Later that day, while I wrote Phil’s obituary, Mark, who’d retrieved the keys to Phil’s house, ventured over to start the onerous process of notifying people, stopping this, cancelling that and determining what obligations Phil had that would now fall to us. Wading through documents, Mark was able to quickly conclude Phil had no will, which, because we knew our brother, was merely a corroboration of what we all suspected already. We had no more luck finding anything about his wishes for “final arrangements.” So, the onus was on us, and, as we’d soon learn, a non-negotiable clock was ticking.
My sister had heard my parents’ church had a relationship with Washburn-McReavy, a funeral home with an Edina location a stone’s throw from the site of the long-gone Mr. Steak restaurant at which I – and Phil – had worked as high schoolers. With no reference, experience or clue to go on, we numbly accepted the notion that favorable proximity constituted adequate reason to hire them.
The folks at Washburn-McReavy were professional, helpful and polite, and, of course, sorry for our loss. But mourning and making arrangements would need to run concurrently, because, frankly, dead bodies don’t “keep” forever, and the longer the process, the more complicated and expensive it gets. So, it was decision after decision, and, unlike almost all other decisions I’ve ever had to make, there was no option not to decide. Cremation or conventional burial? Any religious or other restrictions that complicate the decision? How about the service? Where? Mass or memorial? Celebrant? Flowers? Readings? Songs? Singer(s)? Organist? Program contents? Lunch menu? How about the burial? Which cemetery? Where in that cemetery? In a crypt, mausoleum, niche, columbarium or in the ground? What are all those things? Which headstone? What color of granite, marble, limestone, sandstone or slate? Any symbols on it (flower, star, cross)? Will it be flat? Raised? Slanted? What will it say? And one question persistently and acutely present throughout the entire process: Is this what Phil would have wanted?
Meanwhile, back at Washburn-McReavy, it was time to write the check: Just south of $5,000 for pretty much everything up to and including the service. But again, somehow “Can we shop around?” didn’t seem appropriate or viable.
Needless to say, I harbor no ill-will toward my brother, but all of this could have been much easier, less costly and perhaps even less emotional had Philip left us instructions about what to do in the event of his death. Many of the myriad decisions would have been made. And had Philip had the wherewithal, he even could have pre-purchased everything – the funeral, the burial and a cemetery plot where he wanted it. Perhaps most important, though, we would have been confident we were honoring Phil in the way he would want to be honored.

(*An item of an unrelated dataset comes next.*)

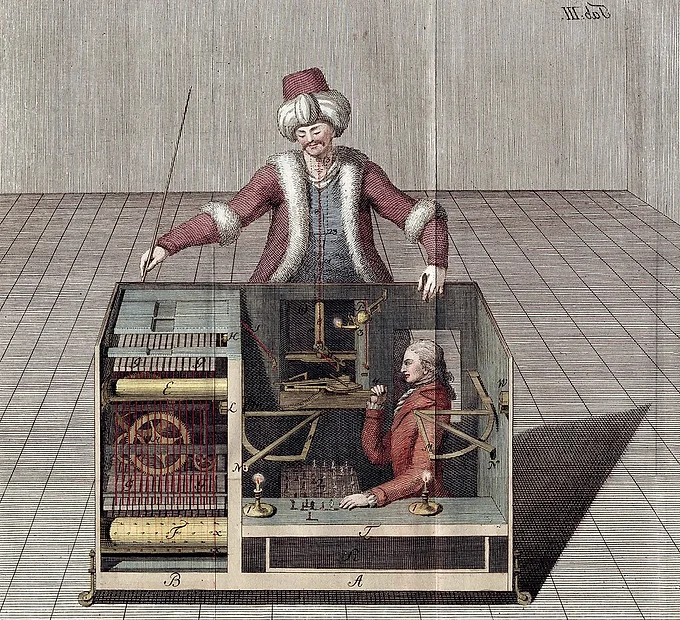 A cross-section of the Mechanical Turk from Racknitz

Now that I have the benefit of this experience, my wife and I have contacted Washburn-McReavy to make our “final arrangements” – well before we’ll need them, I hope. We have a will, but it’s now apparent that’s only half the job. After all, it’s been said death is harder on the people left behind. Having tough decisions already made and perhaps all or a portion of the expenses already paid is a great way to make a difficult process just a bit easier. Consider it a “parting gift” with a purpose far higher than a consolation prize on a game show. And it’s one we can all give our loved ones.
By the way, that night at the hospital, I reconsidered and asked to view Phil’s body. As I reflect on it now, I think it would have disrespected him not to, and, while it offered little consolation, I’m grateful I had the chance to say goodbye and perhaps even show support as he embarked on a new journey.